Assignment. The "Hunde Geburtstagsparty. Blondes" line through the end of the listing below is what to set down, word for word, and nothing else.

Provided data.
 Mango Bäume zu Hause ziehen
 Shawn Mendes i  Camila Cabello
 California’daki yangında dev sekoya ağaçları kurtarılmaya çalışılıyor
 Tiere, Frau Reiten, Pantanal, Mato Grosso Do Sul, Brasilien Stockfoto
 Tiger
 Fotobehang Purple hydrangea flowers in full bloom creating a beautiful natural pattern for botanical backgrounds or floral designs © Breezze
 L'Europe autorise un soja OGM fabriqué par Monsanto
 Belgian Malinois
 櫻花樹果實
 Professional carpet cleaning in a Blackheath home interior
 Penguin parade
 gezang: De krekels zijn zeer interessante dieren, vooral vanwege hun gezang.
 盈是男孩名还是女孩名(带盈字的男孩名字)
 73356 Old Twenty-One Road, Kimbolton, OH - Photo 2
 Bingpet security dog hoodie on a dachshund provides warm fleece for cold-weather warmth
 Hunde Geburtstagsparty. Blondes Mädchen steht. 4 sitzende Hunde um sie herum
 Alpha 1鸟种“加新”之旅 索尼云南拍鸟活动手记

Response area.
 Hunde Geburtstagsparty. Blondes Mädchen steht. 4 sitzende Hunde um sie herum
 Alpha 1鸟种“加新”之旅 索尼云南拍鸟活动手记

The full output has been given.